**PROVIDED RECORDS**
= Beginning of Section =
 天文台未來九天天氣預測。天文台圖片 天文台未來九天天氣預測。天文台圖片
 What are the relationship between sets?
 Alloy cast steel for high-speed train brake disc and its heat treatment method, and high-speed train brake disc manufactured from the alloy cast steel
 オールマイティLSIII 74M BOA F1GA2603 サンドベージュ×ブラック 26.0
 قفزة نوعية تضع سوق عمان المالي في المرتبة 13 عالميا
= End of Section =
= Beginning of Section =
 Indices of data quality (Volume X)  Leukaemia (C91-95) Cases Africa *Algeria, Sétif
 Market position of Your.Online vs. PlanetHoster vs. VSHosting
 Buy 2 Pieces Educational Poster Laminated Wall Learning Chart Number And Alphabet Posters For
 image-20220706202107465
= End of Section =
= Beginning of Section =
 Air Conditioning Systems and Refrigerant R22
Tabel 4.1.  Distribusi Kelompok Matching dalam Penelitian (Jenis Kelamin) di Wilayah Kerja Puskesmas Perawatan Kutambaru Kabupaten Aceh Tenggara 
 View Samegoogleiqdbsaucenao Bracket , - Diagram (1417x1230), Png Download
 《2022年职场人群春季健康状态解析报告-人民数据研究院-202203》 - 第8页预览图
= End of Section =
**WHAT IS REQUIRED**
Reproduce verbatim the lines above, from the line with "天文台未來九天天氣預測。天文台圖片 天文台未來九天天氣預測。天文台圖片" through the line with "قفزة نوعية تضع".

**ANSWER FOR THE TASK**
 天文台未來九天天氣預測。天文台圖片 天文台未來九天天氣預測。天文台圖片
 What are the relationship between sets?
 Alloy cast steel for high-speed train brake disc and its heat treatment method, and high-speed train brake disc manufactured from the alloy cast steel
 オールマイティLSIII 74M BOA F1GA2603 サンドベージュ×ブラック 26.0
 قفزة نوعية تضع سوق عمان المالي في المرتبة 13 عالميا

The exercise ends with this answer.